On still another occasion Nebuchadnezzar tried to persuade Daniel to worship
an idol, this time a dragon that devoured all who approached it, and therefore
was adored as a god by the Babylonians. Daniel had straw mixed with nails fed
to him, and the dragon ate and perished almost immediately.

All this did not prevent Daniel from keeping the welfare of the king in mind
continually. Hence it was that when Nebuchadnezzar was engaged in setting his
house in order, he desired to mention ‘Daniel in his will as one of his heirs.
But the Jew refused with the words: “Far be it from me to leave the inheritance
of my fathers for that of the uncircumcised.”

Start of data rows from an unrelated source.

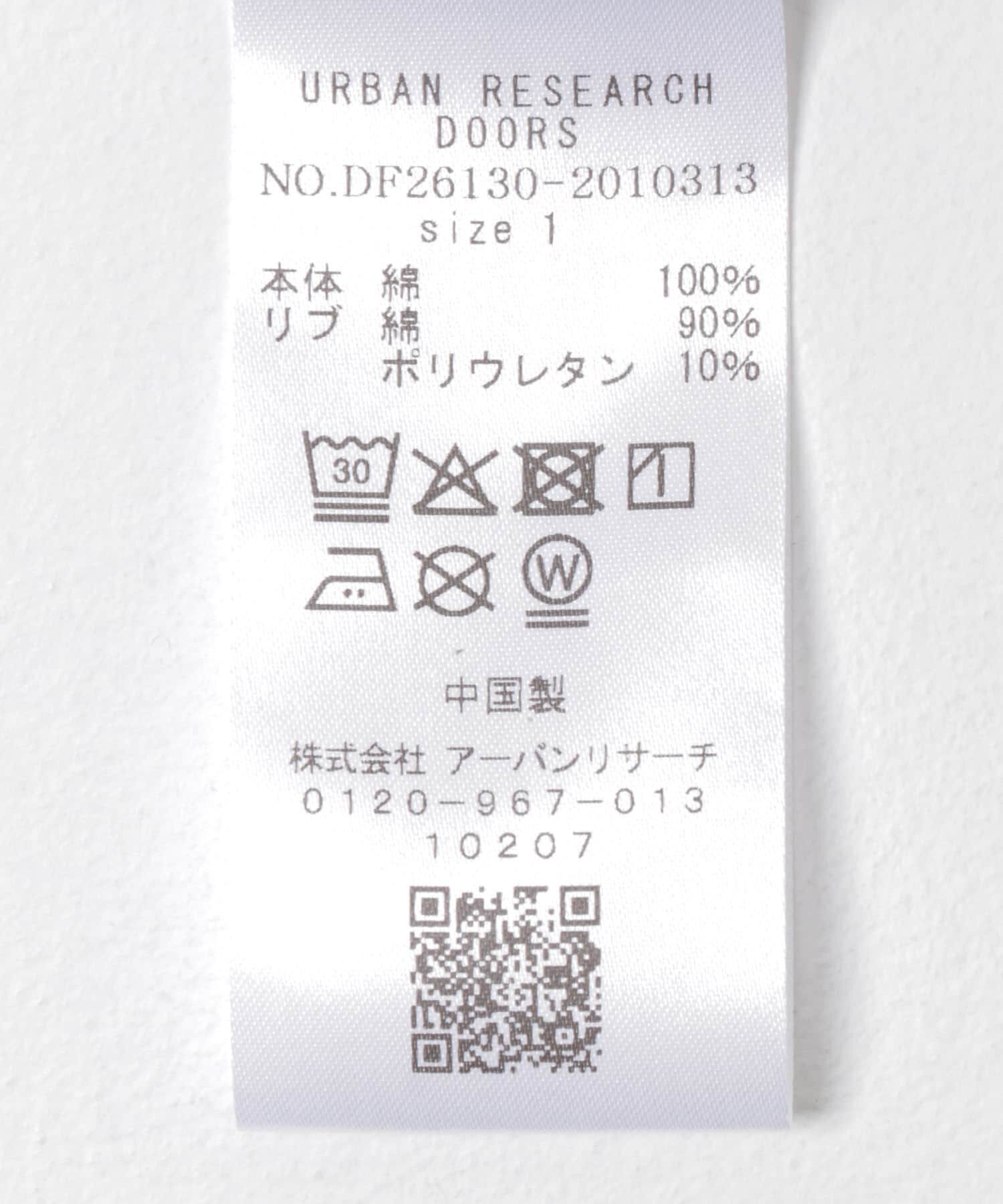 URBAN RESEARCH DOORS「FORK&SPOON　ピグメントプリントロングスリーブTシャツ」|Tシャツ・カットソー|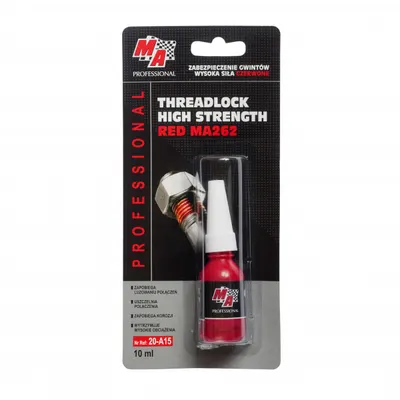 MA 262 - Blocare filete rezistenta inalta rosu - blister 10 ml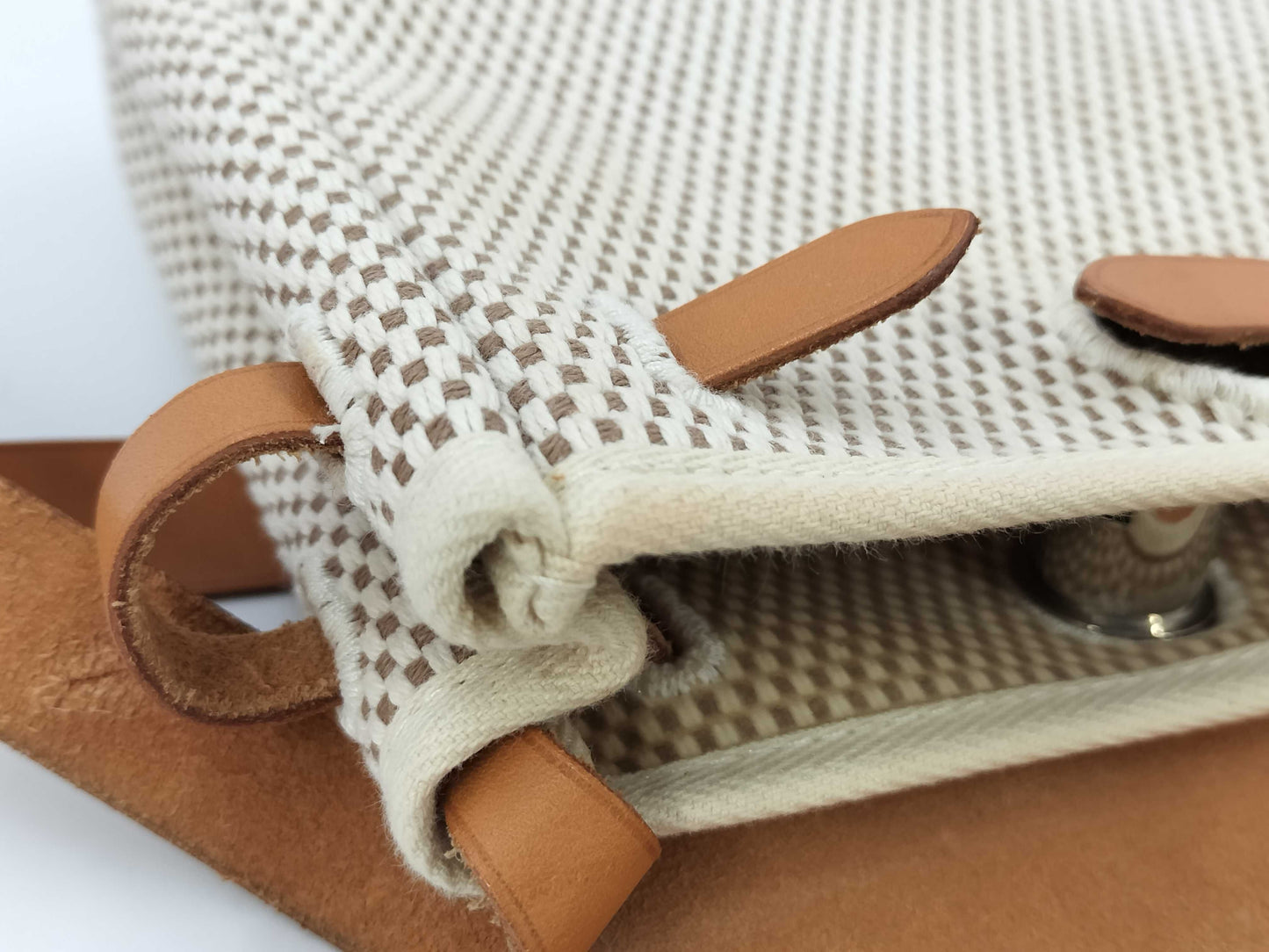 HERMES HERMES/Hermès Airbag TPM Toile H Beige Shoulder Bag Shoulder Bag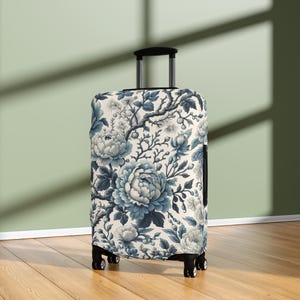 Luggage Cover - Floral Suitcase Protector, Unique Luggage Cover, Travel Accessory, Flower Print Baggage Cover for Stylish Travel Gear
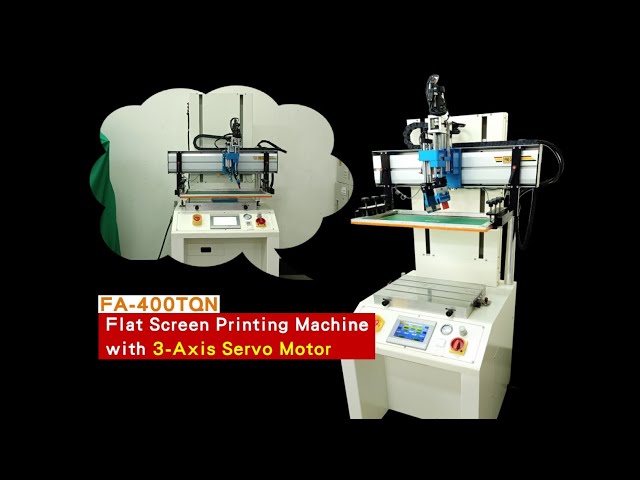 Screen Printing Machine with 3-Axis Servo Motor-FA-400TQN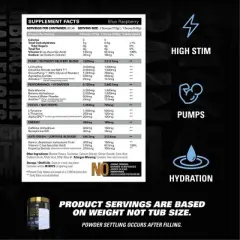 EHPlabs Hectic PreWorkout &ndash; High-Stim Energy & Performance Booster with Caffeine, Beta-Alanine & Electrolytes & Hydration &ndash; 40 Serves (Blue Raspberry)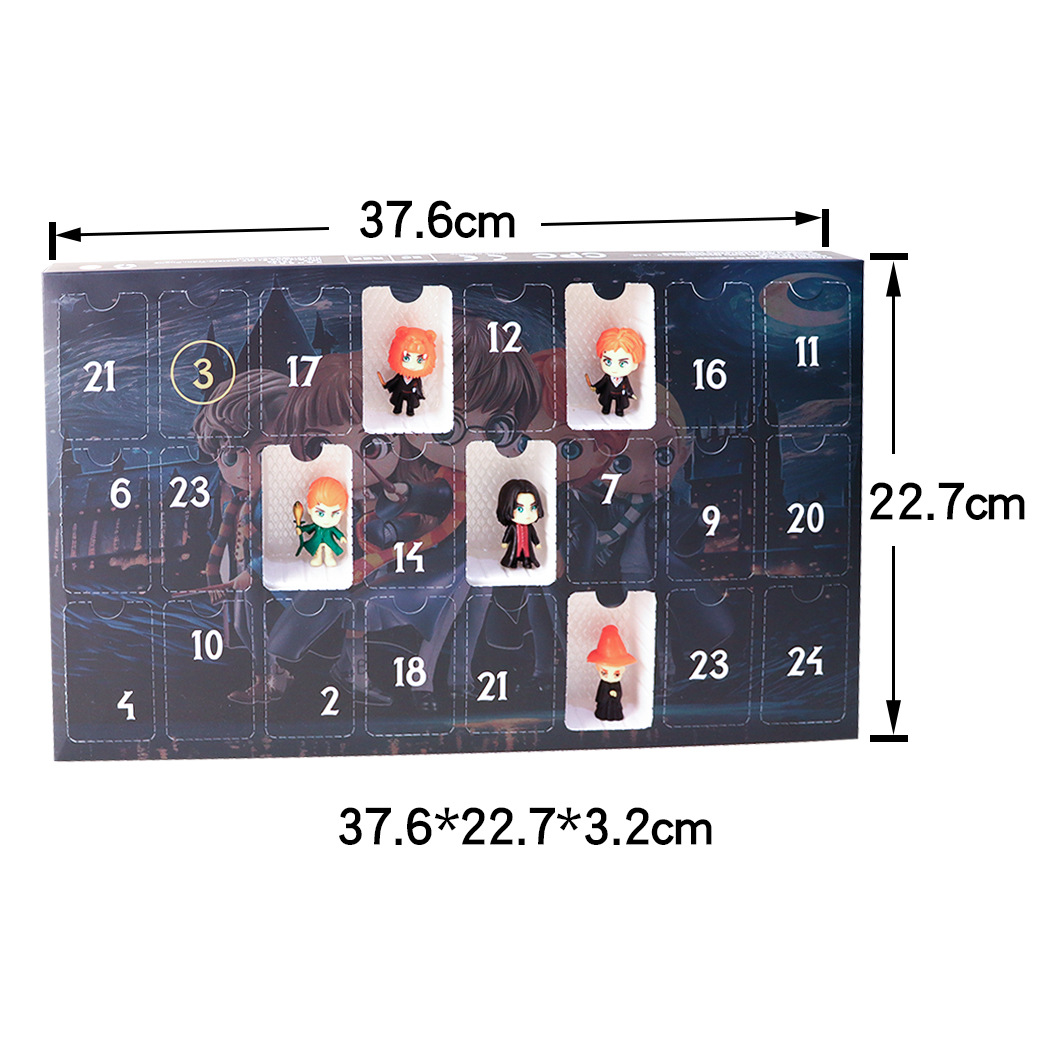 Kids Christmas Harry Potter Figures 24 Days Countdown Advent Calendar Toys Surprise Xmas Gifts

Nebuchadnezzar died after having reigned forty years, as long as King David.
The death of the tyrant brought hope and joy to many a heart, for his severity
had been such that during his lifetime none dared laugh, and when he descended
to Sheol, its inhabitants trembled, fearing he had come to reign over them, too.
However, a heavenly voice called to him: “Go down, and be thou laid down with
the uncircumcised.”

The interment of this great king was anything but what one might have expected,
and for this reason: During the seven years spent by Nebuchadnezzar among the
beast, his son Evil-merodach ruled in his stead. Nebuchadnezzar reappeared after
his period of penance, and incarcerated his son for life. When the death of Nebuchadnezzar
actually did occur, Evil-merodach refused to accept the homage the nobles brought
him as the new king, because he feared that his father was not dead, but had only
disappeared as once before, and would return again. To convince him of the groundlessness
of his apprehension, the corpse of Nebuchadnezzar, badly mutilated by his enemies,
was dragged through the streets.

Shortly afterward occurred the death of Zedekiah, the dethroned king of Judah.
His burial took place amid great demonstrations of sympathy and mourning. The
elegy over him ran thus: “Alas that King Zedekiah had to die, he who quaffed the
lees which all the generations before him accumulated.”

Zedekiah reached a good old age, for though it was in his reign that the destruction
of Jerusalem took place, yet it was the guilt of the nation, not of the king,
that had brought about the catastrophe.